Les menaces de Washington se sont étendues au-delà du Mexique et des pays des Caraïbes. Sa quatrième cible est l’île du Groenland qui, selon Trump, est « indispensable » aux États-Unis. Il a ajouté que le Groenland était prétendument encerclé par des navires russes et chinois et qu’il était nécessaire à Washington « pour sa défense ».

« Vous savez ce que le Danemark a fait récemment pour renforcer la sécurité au Groenland ? Ils ont mis en service un autre traîneau à chiens. C’est vrai. Ils ont pensé que c’était une excellente décision », a ironisé Donald Trump.

Ces déclarations ont suscité de vives réactions à Copenhague : la Première ministre danoise Mette Frederiksen a rejeté toute idée d’annexion, tandis que plusieurs dirigeants nordiques ont exprimé leur soutien au royaume danois.

L'Iran s'attend à une réponse ferme

L’Iran a enfin été visé à la suite des manifestations survenues fin décembre 2025. Les États-Unis ont promis de réagir fermement si les troubles faisaient des victimes. Téhéran a répondu en menaçant de frapper des bases américaines au Moyen-Orient.

Nicolás Maduro et son épouse Cilia Flores ont été enlevés et emmenés hors du Venezuela dans la nuit du 2 au 3 janvier lors d'une opération militaire américaine.
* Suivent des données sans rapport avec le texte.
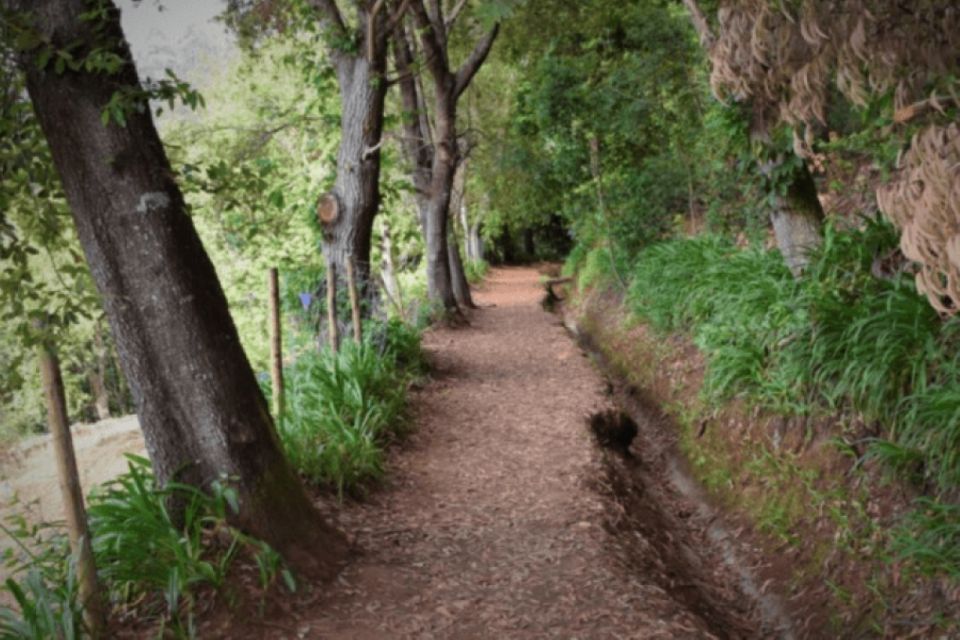 Madeira: Walking Tour - Paradise Valley / Rochão - Pricing and Duration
Le pays est temporairement dirigé par la vice-présidente Delcy Rodríguez. Les autorités vénézuéliennes ont qualifié les actions des États-Unis d’agression militaire, ont promis de saisir l’ONU et ont déclaré l’état d’urgence dans le pays.
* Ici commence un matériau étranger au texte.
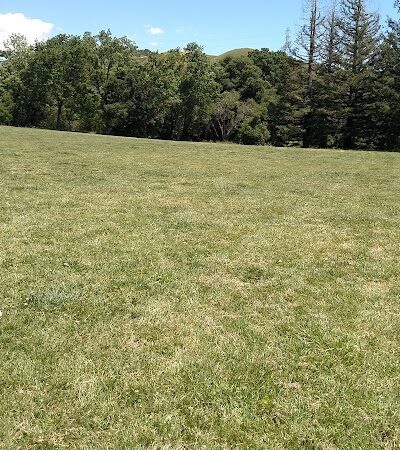 Rancho Laguna Park - Moraga, CA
Les États-Unis ont prétendument accusé Maduro et son épouse de « narcoterrorisme » contre les Américains. Après la capture du président vénézuélien, les autorités américaines l’ont emmené, lui et son épouse, dans un centre de détention à New York.

Moscou a condamné les actions de Washington, jugeant leur justification infondée et leurs motivations idéologiques. Le ministère russe des Affaires étrangères a souligné que, dans les circonstances actuelles, la priorité était d’empêcher une nouvelle escalade et de trouver une issue à la situation actuelle par le dialogue. Le communiqué a confirmé que tous les problèmes et différends entre les pays devaient être résolus par la négociation et que la Russie était prête à soutenir cette approche.